Dataset below:

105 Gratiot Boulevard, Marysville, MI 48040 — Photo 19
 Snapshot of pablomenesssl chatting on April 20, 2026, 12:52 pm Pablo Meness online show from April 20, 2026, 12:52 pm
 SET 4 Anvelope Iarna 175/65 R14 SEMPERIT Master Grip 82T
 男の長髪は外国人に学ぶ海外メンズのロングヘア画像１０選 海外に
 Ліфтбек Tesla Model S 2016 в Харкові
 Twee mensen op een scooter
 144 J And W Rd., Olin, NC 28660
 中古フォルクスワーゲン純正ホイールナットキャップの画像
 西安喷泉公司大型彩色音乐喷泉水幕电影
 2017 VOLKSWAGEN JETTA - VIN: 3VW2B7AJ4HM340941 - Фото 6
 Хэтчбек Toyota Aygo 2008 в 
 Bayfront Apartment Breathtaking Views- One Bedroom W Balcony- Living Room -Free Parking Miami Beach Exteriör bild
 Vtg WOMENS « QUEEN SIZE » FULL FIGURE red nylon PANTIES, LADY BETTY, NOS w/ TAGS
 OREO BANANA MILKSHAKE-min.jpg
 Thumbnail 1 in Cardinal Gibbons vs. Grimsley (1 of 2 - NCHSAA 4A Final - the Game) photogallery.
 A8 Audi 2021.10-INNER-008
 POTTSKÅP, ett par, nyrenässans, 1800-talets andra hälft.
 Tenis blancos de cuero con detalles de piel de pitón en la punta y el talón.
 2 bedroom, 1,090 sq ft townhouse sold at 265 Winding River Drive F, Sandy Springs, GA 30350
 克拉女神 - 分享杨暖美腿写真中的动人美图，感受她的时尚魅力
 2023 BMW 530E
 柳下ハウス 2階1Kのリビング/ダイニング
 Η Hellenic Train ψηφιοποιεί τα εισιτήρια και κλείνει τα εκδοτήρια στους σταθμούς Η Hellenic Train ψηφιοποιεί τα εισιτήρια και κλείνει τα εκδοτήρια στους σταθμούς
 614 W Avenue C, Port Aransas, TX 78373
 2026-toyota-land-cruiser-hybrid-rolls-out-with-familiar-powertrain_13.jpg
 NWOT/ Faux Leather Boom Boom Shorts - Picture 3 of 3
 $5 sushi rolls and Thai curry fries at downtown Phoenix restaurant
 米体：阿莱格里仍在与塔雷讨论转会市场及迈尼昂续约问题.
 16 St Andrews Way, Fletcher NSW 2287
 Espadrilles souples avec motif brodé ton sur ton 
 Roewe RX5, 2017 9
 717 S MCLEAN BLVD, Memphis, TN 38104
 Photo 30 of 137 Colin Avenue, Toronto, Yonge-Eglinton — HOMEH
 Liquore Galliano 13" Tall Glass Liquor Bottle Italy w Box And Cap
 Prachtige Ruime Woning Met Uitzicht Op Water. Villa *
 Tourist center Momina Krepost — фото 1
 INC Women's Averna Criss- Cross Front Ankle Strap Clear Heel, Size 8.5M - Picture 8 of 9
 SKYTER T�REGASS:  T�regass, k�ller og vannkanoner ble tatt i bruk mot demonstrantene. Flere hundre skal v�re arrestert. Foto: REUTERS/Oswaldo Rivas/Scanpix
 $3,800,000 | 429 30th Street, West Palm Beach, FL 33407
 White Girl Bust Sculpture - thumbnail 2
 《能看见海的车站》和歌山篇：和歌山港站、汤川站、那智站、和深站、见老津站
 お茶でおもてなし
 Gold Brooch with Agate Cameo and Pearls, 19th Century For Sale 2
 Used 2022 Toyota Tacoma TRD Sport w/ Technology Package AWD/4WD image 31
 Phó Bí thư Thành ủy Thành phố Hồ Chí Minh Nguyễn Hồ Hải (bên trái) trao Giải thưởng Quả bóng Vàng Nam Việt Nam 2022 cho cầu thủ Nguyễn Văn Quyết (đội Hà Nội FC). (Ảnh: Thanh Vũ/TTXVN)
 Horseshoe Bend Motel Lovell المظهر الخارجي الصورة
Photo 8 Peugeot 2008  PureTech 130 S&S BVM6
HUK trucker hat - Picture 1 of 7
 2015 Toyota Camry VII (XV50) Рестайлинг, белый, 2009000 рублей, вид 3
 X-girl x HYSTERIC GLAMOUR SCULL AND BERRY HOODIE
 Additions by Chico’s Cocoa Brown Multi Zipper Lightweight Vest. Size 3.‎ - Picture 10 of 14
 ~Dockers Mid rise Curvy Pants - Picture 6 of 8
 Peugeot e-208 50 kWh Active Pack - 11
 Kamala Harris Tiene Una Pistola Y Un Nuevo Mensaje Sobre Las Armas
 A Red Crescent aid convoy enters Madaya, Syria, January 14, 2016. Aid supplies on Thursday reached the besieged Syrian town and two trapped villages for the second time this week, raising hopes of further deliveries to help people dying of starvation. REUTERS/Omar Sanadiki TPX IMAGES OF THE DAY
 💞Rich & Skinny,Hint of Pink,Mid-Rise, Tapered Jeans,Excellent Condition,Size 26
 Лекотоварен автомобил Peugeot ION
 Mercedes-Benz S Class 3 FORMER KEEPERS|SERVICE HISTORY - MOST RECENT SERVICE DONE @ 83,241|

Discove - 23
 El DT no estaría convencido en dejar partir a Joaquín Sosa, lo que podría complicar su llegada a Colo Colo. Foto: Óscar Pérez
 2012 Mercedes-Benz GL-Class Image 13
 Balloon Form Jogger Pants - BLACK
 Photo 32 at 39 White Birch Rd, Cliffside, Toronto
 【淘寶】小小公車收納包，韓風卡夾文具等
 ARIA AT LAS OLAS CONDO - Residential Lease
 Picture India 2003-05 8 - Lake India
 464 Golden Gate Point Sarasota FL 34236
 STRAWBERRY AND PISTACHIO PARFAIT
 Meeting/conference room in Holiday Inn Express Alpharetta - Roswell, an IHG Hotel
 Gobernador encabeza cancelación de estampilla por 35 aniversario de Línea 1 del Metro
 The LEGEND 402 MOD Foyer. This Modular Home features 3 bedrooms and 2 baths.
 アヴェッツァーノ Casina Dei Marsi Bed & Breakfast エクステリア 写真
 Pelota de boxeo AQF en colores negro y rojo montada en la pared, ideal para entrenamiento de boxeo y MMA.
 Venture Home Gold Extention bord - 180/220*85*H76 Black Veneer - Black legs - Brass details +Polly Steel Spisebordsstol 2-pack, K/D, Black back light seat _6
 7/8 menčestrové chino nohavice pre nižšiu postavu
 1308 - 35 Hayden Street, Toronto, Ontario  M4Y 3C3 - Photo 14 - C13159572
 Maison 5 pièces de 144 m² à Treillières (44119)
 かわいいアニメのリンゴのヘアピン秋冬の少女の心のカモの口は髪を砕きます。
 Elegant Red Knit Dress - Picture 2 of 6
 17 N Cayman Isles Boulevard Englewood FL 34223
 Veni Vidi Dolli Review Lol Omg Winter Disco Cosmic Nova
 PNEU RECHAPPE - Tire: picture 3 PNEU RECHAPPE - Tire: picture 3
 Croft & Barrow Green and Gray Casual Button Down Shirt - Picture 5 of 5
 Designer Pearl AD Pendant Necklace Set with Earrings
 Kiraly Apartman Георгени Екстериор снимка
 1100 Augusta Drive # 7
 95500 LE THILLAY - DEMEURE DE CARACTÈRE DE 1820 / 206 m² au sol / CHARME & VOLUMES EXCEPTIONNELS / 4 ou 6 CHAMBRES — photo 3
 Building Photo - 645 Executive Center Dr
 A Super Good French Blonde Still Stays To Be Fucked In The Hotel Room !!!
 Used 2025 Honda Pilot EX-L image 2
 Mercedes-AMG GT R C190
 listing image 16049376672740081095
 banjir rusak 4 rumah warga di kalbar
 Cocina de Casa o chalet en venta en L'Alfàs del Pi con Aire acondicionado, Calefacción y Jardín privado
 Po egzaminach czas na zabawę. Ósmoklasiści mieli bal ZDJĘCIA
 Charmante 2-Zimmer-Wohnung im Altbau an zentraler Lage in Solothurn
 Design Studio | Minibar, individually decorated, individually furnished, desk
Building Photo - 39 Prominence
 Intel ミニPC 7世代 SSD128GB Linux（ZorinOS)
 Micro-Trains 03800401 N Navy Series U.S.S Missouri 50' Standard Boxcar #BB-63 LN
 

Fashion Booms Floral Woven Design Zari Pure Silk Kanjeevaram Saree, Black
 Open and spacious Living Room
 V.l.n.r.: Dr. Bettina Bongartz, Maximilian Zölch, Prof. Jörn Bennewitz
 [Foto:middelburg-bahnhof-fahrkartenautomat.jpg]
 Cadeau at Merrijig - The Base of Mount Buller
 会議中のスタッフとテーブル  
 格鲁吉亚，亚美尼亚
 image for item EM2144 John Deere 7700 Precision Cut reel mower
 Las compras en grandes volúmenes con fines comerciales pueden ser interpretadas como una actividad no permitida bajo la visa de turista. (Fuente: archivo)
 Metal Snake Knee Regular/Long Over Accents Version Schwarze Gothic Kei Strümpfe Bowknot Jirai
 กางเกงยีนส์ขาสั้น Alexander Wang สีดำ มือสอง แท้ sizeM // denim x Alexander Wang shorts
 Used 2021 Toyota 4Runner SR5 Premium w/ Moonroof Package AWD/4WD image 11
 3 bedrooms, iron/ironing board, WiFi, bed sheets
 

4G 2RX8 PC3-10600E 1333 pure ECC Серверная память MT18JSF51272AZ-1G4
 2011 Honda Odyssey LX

End of Dataset.

Lines after the one containing "男の長髪は外国人に学ぶ海外メンズのロングヘア画像１０選 海外に" are not wanted; repeat exactly each line above from the first up to and including it.

Result below.
105 Gratiot Boulevard, Marysville, MI 48040 — Photo 19
 Snapshot of pablomenesssl chatting on April 20, 2026, 12:52 pm Pablo Meness online show from April 20, 2026, 12:52 pm
 SET 4 Anvelope Iarna 175/65 R14 SEMPERIT Master Grip 82T
 男の長髪は外国人に学ぶ海外メンズのロングヘア画像１０選 海外に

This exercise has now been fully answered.